Why are those not just SaaS businesses?

A design tool that produces custom design upfront is a design tool. An ad-creation tool that produces video without a physical shoot is an ad-creation tool. A legal-document tool that writes contracts in minutes is a legal-document tool. The framing dresses each one in agency clothing — a firm, a roster, a relationship — but the unit of value is the SaaS underneath. The agency layer is decorative.

This essay is about that decoration. About why dressing a SaaS up as an agency creates a business that prints money for a window and then doesn’t compound. About what the RFS got right that nobody is saying out loud, and what it got wrong that everybody is repeating.

The thesis comes in two pieces.

The first is an indictment. The agency that builds itself around a productized AI workflow is not a competitor to SaaS. It is a feeder to it. Every contract such a shop signs is free demand validation and free workflow standardization for the SaaS company that will eventually ship the same thing and own the category. The productized-services shop is the R&D arm of its eventual replacement, paid for by clients who don’t yet know they’re funding it.

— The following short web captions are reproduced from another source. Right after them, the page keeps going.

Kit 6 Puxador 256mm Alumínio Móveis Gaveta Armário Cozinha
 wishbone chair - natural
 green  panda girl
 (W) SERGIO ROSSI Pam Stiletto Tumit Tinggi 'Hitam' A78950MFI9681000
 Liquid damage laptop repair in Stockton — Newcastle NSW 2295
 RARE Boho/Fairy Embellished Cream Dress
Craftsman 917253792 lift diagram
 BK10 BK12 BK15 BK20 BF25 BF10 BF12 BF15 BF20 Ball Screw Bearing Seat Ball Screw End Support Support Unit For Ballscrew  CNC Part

The second is what survives. The agencies that compound from here are the ones flipping the unit of sale entirely — selling judgment, opinion, and accountability under ambiguity. The work that doesn’t survive a price card. The position that sits above where AI keeps climbing, because the climb is structurally uneven.

Both are true at the same time. The indictment is the engine of the argument. The alternative is the way out.

The feeder thesis

Picture the design firm from the RFS. Founders have built a tool that produces high-quality custom design output for a prospect upfront. The pitch is the product. The product wins the contract. Then the firm uses the same tool to deliver more design across the engagement, billed by the deliverable rather than the hour, with humans hovering over the AI to keep it on-brand and on-spec.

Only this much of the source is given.